Carbon materials, metal powders, conductive polymers, and the like can be used as the conductive material of the negative electrode 21. From the perspective of conductivity and stability, a carbon material such as acetylene black, Ketjenblack (registered trademark), or carbon black is preferably used.

The binding material of the negative electrode 21 includes polytetrafluoroethylene (PTFE), polyvinylidene fluoride (PVDF), fluoroplastic copolymer (fluorinated ethylene-propylene copolymer or tetrafluoroethylene-hexafluoropropylene copolymer), styrene butadiene rubber (SBR), acrylic rubber, fluororubber, polyvinyl alcohol (PVA), styrene-maleic resin, polyacrylate, carboxymethyl cellulose (CMC), and the like.

The solvent in the negative-electrode mixture of the negative electrode 21 includes organic solvents such as N-methyl-2-pyrrolidone (NMP), water, and the like.

A conventional collector can be used as the negative-electrode collector 210. A processed metal, such as copper, stainless steel, titanium, or nickel, can be used. That is, for example, a metal foil, a metal mesh, a punched metal, or a foamed metal that is processed into a sheet shape can be used. However, the negative-electrode collector 210 is not limited thereto.

The negative-electrode active material layer 211 of the negative electrode 21 can have an arbitrary layered structure composed of a single layer, or two or more layers. When the negative-electrode active material layer 211 has a layered structure composed of two or more layers, the configuration of each layer may be the same or may differ. For example, a configuration may be used in which a layer composed only of the conductive material and the binding material is formed as a first layer and a layer containing the above-described negative-electrode active material is formed as a second layer. [Nonaqueous electrolyte] The nonaqueous electrolyte 22 is a medium that transports charge carriers, such as electrolyte ions, between the positive electrode 20 and the negative electrode 21. Although not particularly limited, the nonaqueous electrolyte 22 is preferably physically, chemically, and electrically stable under an atmosphere (environment) in which the secondary battery 2 is used.

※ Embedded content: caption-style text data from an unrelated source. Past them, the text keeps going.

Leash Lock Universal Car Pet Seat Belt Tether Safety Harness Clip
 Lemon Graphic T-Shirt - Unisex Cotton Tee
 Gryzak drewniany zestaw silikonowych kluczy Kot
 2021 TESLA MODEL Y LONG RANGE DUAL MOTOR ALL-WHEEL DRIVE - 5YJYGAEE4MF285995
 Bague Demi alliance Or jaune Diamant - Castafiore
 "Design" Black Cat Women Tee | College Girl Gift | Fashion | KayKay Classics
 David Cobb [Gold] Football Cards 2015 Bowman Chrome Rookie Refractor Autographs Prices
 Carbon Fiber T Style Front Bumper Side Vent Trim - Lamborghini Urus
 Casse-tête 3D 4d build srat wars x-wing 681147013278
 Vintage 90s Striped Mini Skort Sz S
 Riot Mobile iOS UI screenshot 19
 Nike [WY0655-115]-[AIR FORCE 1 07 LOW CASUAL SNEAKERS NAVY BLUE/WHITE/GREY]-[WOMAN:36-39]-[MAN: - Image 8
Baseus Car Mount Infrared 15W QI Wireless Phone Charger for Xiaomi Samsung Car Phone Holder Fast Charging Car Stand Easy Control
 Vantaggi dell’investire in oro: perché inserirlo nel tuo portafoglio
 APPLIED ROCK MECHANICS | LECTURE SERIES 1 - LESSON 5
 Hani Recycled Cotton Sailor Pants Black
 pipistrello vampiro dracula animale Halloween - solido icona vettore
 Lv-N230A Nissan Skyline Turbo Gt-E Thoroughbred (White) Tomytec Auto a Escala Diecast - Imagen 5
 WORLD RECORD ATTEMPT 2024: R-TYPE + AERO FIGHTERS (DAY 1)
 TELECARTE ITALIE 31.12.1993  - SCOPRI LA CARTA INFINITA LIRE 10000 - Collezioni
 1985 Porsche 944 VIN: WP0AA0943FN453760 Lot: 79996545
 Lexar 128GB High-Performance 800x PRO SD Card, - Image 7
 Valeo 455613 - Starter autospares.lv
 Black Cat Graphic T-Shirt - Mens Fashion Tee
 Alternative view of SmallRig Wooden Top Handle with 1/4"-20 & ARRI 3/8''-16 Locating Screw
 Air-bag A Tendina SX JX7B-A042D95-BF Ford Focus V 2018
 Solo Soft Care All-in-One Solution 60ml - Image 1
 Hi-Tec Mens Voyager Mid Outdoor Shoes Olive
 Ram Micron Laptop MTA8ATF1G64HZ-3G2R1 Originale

A conventional nonaqueous electrolyte can be used as the nonaqueous electrolyte 22. The nonaqueous electrolyte 22 includes that in which a supporting electrolyte is dissolved in a nonaqueous solvent. A conventional additive may also be added.

The supporting electrolyte is not limited, other than being required to contain lithium. For example, the supporting electrolyte is preferably at least one type among an inorganic salt selected from LiPF₆, LiBF₄, LiClO₄, and LiAsF₆, a derivative of these inorganic salts, an organic salt selected from LiSO₃CF₃, LiC(SO₃CF₃)₃, LiN(SO₂CF₃)₂, LiN(SO₂C₂F₅)₂, and LiN(SO₂CF₃)(SO₂C₄F₉), and a derivative of these organic salts. These supporting electrolytes can further improve battery performance and can maintain higher battery performance even in temperature ranges other than room temperature. The concentration of the supporting electrolyte is also not particularly limited, and is preferably selected as appropriate taking into consideration the type of supporting electrolyte and the type of organic solvent.

The nonaqueous solvent dissolves the supporting electrolyte. The nonaqueous solvent is not limited, other than being required to dissolve the supporting electrolyte. For example, carbonates, halogenated hydrocarbons, ethers, ketones, nitriles, lactones, and oxirane compounds can be used. In particular, propylene carbonate, ethylene carbonate (EC), 1,2-dimethoxyethane, dimethyl carbonate (DMC), diethyl carbonate (DEC), ethyl methyl carbonate (EMC), vinylene carbonate (VC), or a mixed solvent thereof is preferable. Use of a nonaqueous solvent that is one type or more selected from a group comprising carbonates and ethers, in particular, among the organic solvents, is preferable. A reason for this is that solubility, dielectric constant, and viscosity of the supporting electrolyte are excellent, and charge-discharge efficiency of the secondary battery 2 improves.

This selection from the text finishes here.